Problem: Copying task for the records below: reproduce each one exactly and drop the pictures.

Materials provided:
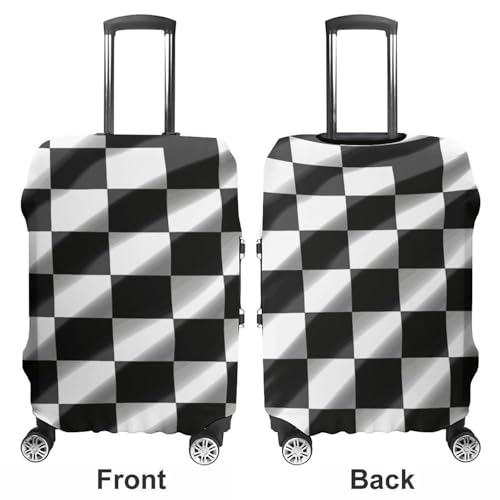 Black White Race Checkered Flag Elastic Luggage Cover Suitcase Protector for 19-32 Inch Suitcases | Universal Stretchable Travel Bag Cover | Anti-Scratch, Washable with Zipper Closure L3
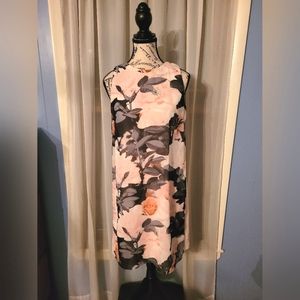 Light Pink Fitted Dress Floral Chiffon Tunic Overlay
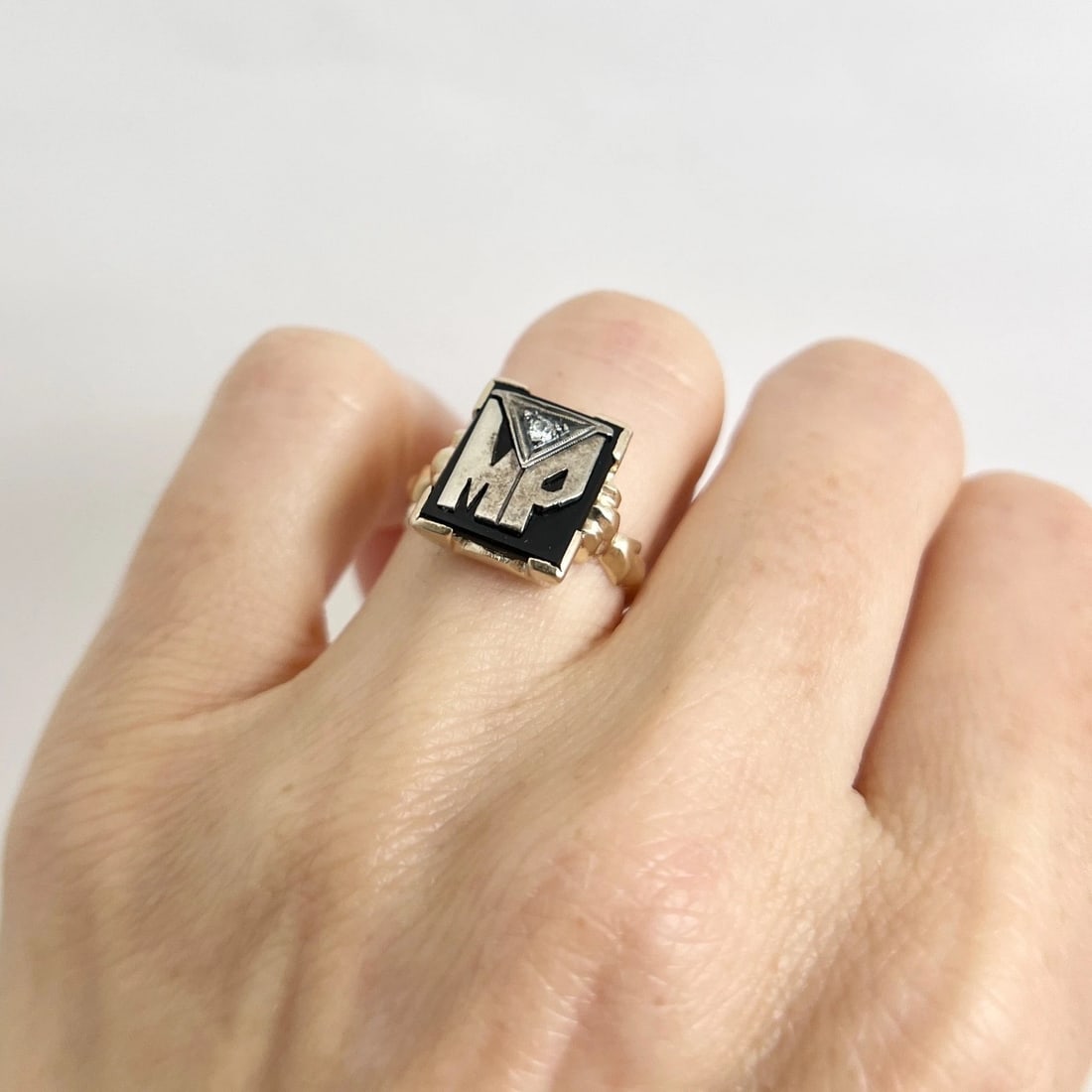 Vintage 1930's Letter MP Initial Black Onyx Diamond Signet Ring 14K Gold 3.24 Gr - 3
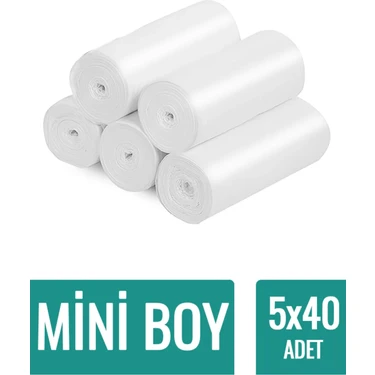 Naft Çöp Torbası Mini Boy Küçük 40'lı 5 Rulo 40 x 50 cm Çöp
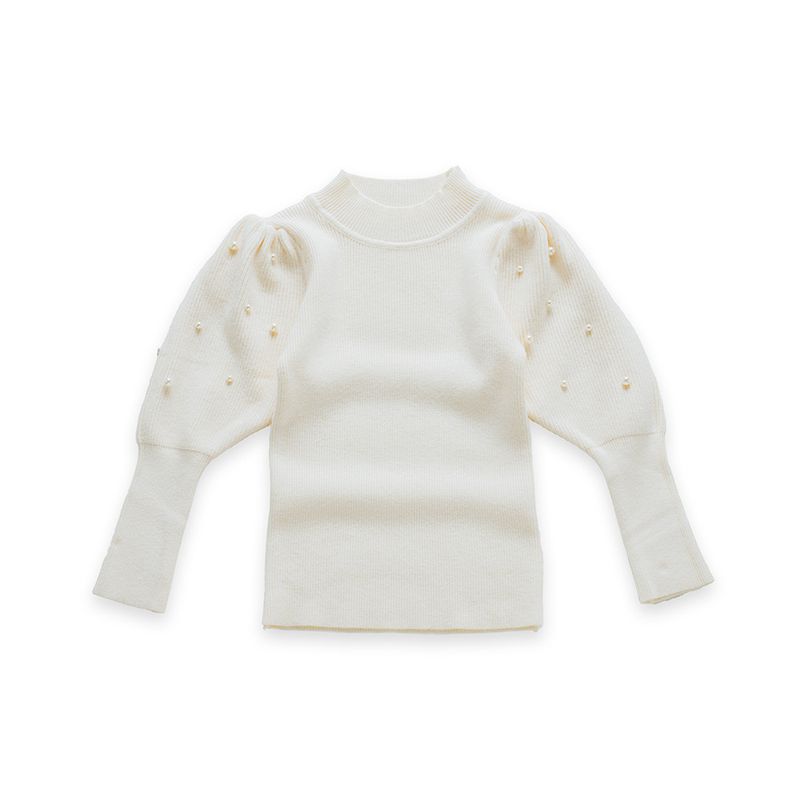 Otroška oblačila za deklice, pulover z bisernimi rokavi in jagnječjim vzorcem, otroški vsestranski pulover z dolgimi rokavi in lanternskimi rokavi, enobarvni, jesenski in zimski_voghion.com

Finished exercise:
 Black White Race Checkered Flag Elastic Luggage Cover Suitcase Protector for 19-32 Inch Suitcases | Universal Stretchable Travel Bag Cover | Anti-Scratch, Washable with Zipper Closure L3
 Light Pink Fitted Dress Floral Chiffon Tunic Overlay
 Vintage 1930's Letter MP Initial Black Onyx Diamond Signet Ring 14K Gold 3.24 Gr - 3
 Naft Çöp Torbası Mini Boy Küçük 40'lı 5 Rulo 40 x 50 cm Çöp
 Otroška oblačila za deklice, pulover z bisernimi rokavi in jagnječjim vzorcem, otroški vsestranski pulover z dolgimi rokavi in lanternskimi rokavi, enobarvni, jesenski in zimski_voghion.com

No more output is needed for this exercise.